Interestingly enough (for you guys reading this), I suffered a personal targeted attack two months ago, which saw a hacker access my various email accounts (by breaking into one) and then gain access to my PayPal account and attempt to transfer $5000 to a random email/paypal account. He/she also gained access to my domain registrar and a number of other personal areas, all obviously online. Regaining control of it all of it took around 2-3 days and when it happened again – within a day – presumably from the same person, it was another week or so before I once again had control. I had to of course ensure I did all I could to ensure that *if* it did happen again…I’d have every possible means to regain access. To this day, i’m not certain how the hacker initially broken in, but I do know that, like Twitter, the majority of the damage was done through password retrieval mechanisms.
The two most significant things that perplexed me when it happened was:
- a) how email is by far the most significant hub of personal information for virtually anyone who uses the web, and access to that opens up many more doors to private information.
- b) How limited the account retrieval services Google (my email provider) had available to me. At the time, Google provided two ways to prove your identity (with Google Apps), upload or a file to the relevant domain’s servers or email a new password to your back-up email account within your google apps settings. Ridiculous because there’s a good chance the hacker had already had access to both…

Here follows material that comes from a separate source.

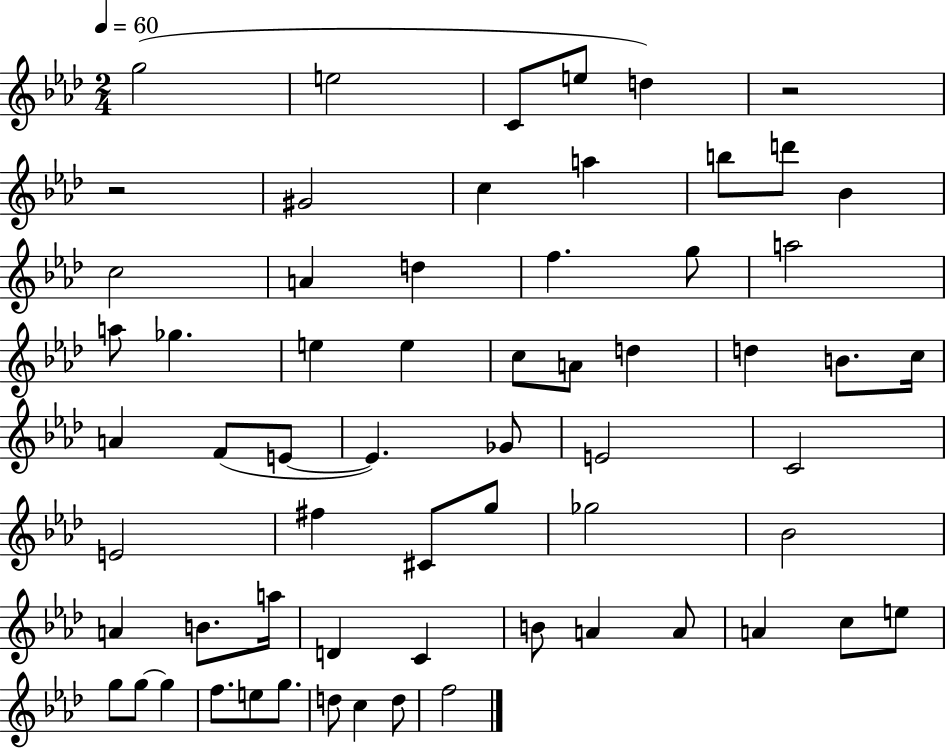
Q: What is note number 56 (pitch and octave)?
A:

Nothing More Secure Than Email
In my opinion, there should be no more secure area online than private email addresses. It should be easily as secure as private banking online and require as much offline verification as possible to prove identity. Thankfully, Google has recently taken steps (however small) to step up their verification mechanisms and new GMail users are required to enter their mobile phone numbers when setting up new accounts.
Corporate Security and Cloud Computing Uptake
But lets forget individuals…Twitter’s story reveals, above all, how cloud computing is not yet ready to meet Corporate IT needs. CEO’s and CIO’s alike have said openly that they aren’t ready for cloud computing yet….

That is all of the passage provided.